Justice Khanna had dissenting opinion on the point that during proclamation of emergency or presidential order under article 359(1) even if the person cannot go to the court of law for the enforcement of fundamental right under the constitutional remedy that does not restrain him from exercising his legal remedy through statute. Also, he denied that article 21 is not the sole repository of right to life and personal liberty even in absence of article 21 in the constitution the state cannot deprive a person from his right to life and personal liberty as this formulates the basic postulate of a civilized society. During the proclamation of emergency article 21 only loses the procedural power but the substantive power of this article is very fundamental and the State does not have the power to deprive any person life and liberty without the authority of law.

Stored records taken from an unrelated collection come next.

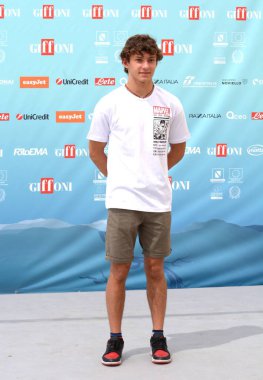 GIFFONI VALLE PIANA - 23 Temmuz 2024: Andrea Kimi Antonelli Giffoni Film Festivali 2024 - 23 Temmuz 2024 Giffoni Valle Piana, İtalya.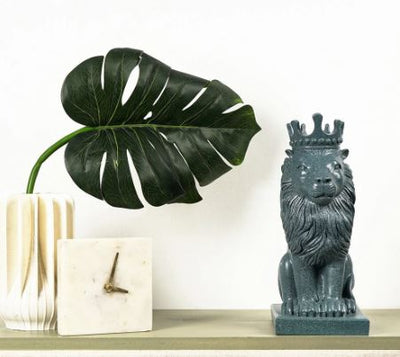 Nordic Minimalist Regal Lion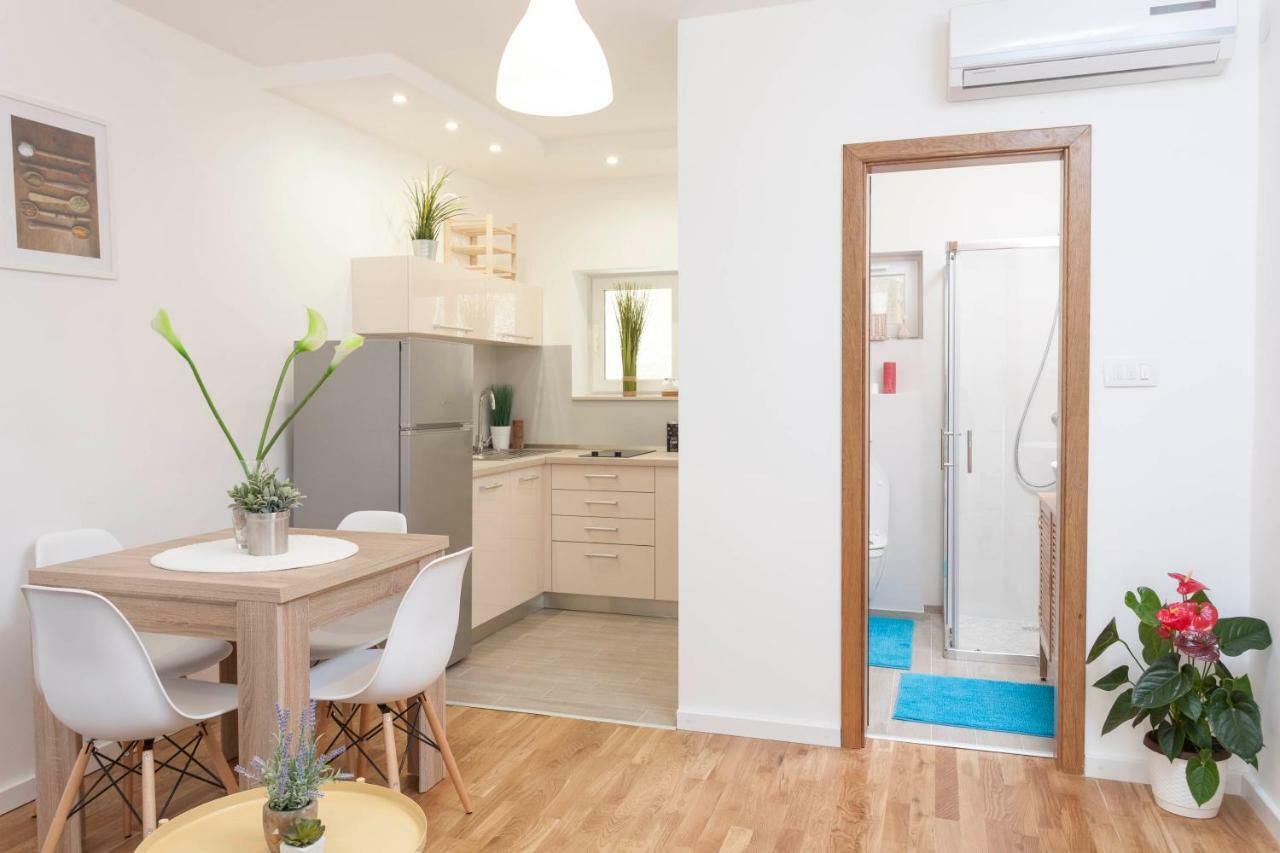 Apartment Mikula Makarska Ngoại thất bức ảnh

The Majority judgment held that a person cannot approach the court with the writ of habeas corpus or of any other writ remedy. Also, the court of law does not have the power to look into the validity of detention under Maintenance of Internal Security Act, 1971 as the statue does not give powers to the court the review the validity of the detention.
Inference: This case was a landmark case in India’s history. One should know that, there are different opinions and perceptions to this case. It was a dark and evil judgment made in favour of the government. It was the day when the honourable Supreme Court made the Indian citizens shameful. It let its people down. It was considered as a mistake.
If the natural right to life were to be allowed to override Article 21, then no legislation could be made that curtailed the right to life under Article 21 in any circumstance whatsoever. (A legal maxim that best explains this principal is the Latin phrase ‘expressio unius est exclusio alterius’) This would result in Article 21 turning into a dead letter with no legal effect at all, because Article 226 would be used to invoke these absolute natural rights to strike down any law.
In 2017, the Supreme Court in K.S. Puttaswamy v. UOI overruled the decision of ADM Jabalpur. Justice D.Y. Chandrachud (writing with 3 other judges- Justice J.S. Khehar, Justice R.K. Agarwal, and Justice S. Abdul Nazeer) held that the ADM Jabalpur case was flawed.
Justice Nariman and Justice Kaul also categorically overruled the decision in ADM Jabalpur. The majority, in almost echoing J. Khanna, they observed, “No civilized state can contemplate an encroachment upon life and personal liberty without the authority of law. Neither life nor liberty are bounties conferred by the state nor does the Constitution create these rights. The right to life has existed even before the advent of the Constitution. In recognizing the right, the Constitution does not become the sole repository of the right.”
Conclusion: The judgement came in 4:1 ratio. This day of this judgement was a black spot on the Indian democracy and its constitutional framework. Justice H.R.Khanna was the only one who dared to go against the government. Later, he paid for it as he was not selected to be the Chief Justice of India. He was sidelined by one of his junior judges, who became the CJI.
When we speak of National Emergency, this case comes to our memory. The daring attitude of Justice Khanna comes to our mind. Still for many young lawyers, advocates and judges Justice Khanna is a role model.